Atelier Ines Rosemarie Geister
Atelier Ines Rosemarie Geister

Hommage an einen Corsa



Artikel aus der Juni 2004 Ausgabe des Vierländer Boten


Jugendwehr der Freiwilligen Feuerwehr Altengamme

Die andere Art, Leben zu retten


Altengamme (ig) - Es ging alles ganz schnell. Erst kam ein Anruf. Ein kurzes Gespräch. „Ja, kannst Du haben, schenke ich euch. Wann kommt ihr?“ Und schon am nächsten Tag wurde er abgeholt. Der Opel, der schon seit zwei Jahren einsam auf dem Parkplatz des Grundstücks stand. Verlassen, traurig und ohne TÜV. Wie viele Reisen hatten wir mit ihm unternommen? Was hatten wir nicht alles mit ihm erlebt. Und jetzt das. Ein wenig wehmütig wurde uns schon ums Herz, als der Hänger vorfuhr, mit dem unser Auto abtransportiert werden sollte. Auch ein „es ist doch nur ein altes Auto“ half nicht wirklich.

Aber wir wollten uns wenigstens ansehen, was „sie“ mit ihm machen würden. Sie, dass sind die Mitglieder der Jugendwehr der Freiwilligen Feuerwehr aus Altengamme. Als wir wenig später am Borghorster Hauptdeich ankamen, stand er schon da. Wir stiegen aus und näherten uns von hinten. Eigentlich sieht der doch noch ganz gut aus. Aber dann sahen wir, dass die Fahrertür bereits zerbeult war. „Das ist, damit die die Tür nachher nicht so einfach aufkriegen“, wurde uns sogleich gesagt. „Und auch die Motorhaube kriegen die nicht auf. Wir haben den Bowdenzug rausgenommen.“ Der große Schreck kam, als wir ihn von vorne sahen. Die Motorhaube war zerbeult und die Scheinwerfer fehlten, genauso wie der Kühlergrill. Das ist also das Ende eines treuen „Weggefährten“.
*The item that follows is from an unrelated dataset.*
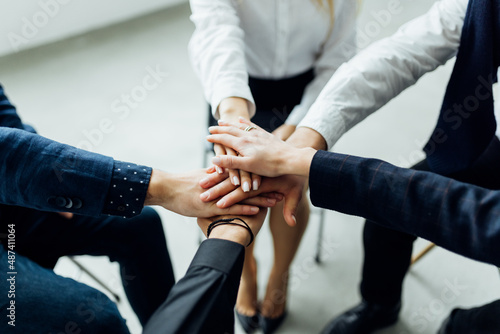 Coworkers giving high-five in meeting room at creative modern office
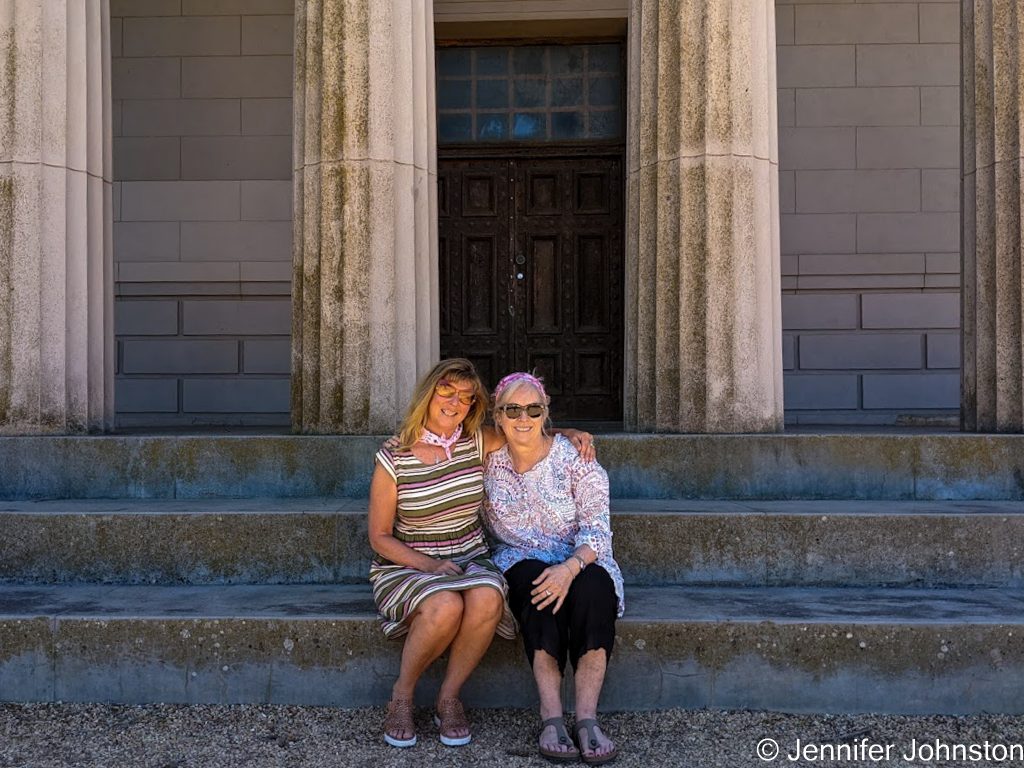 Image of two women sitting on stone steps they have their arms aorund each other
Dann kamen sie mit einem Lösch- und einem Rüstfahrzeug. Mit Eifer waren selbst die Kleinsten dabei, dem Corsa die Luft aus den Reifen zu lassen und den Wagen mittels eines Hydraulikhebers hochzuheben, um ihn anschließend auf Holzklötzen aufliegen zu lassen, die Scheiben rauszunehmen, die Gummidichtungen abzureißen, die Scheibenwischer zu verbiegen und abzubrechen, genauso wie die Spiegel rechts und links. Als das Dach mit einer wuchtigen Hydrauklikschere abgeschnitten und hochgeklappt war, hatten wir genug gesehen.

Auf dem Weg nach Hause trösteten wir uns mit dem Gedanken, dass er wenigstens nicht „lieblos“ in der Schrottpresse gelandet war, sondern einem guten Zweck dienen konnte. Nämlich dem, Leben zu retten. Dass die Menschen, die es sich zur Aufgabe machen, anderen Menschen in Notsituationen zu helfen, lernen können, wie eine verletzte Person aus einem Auto geborgen werden kann.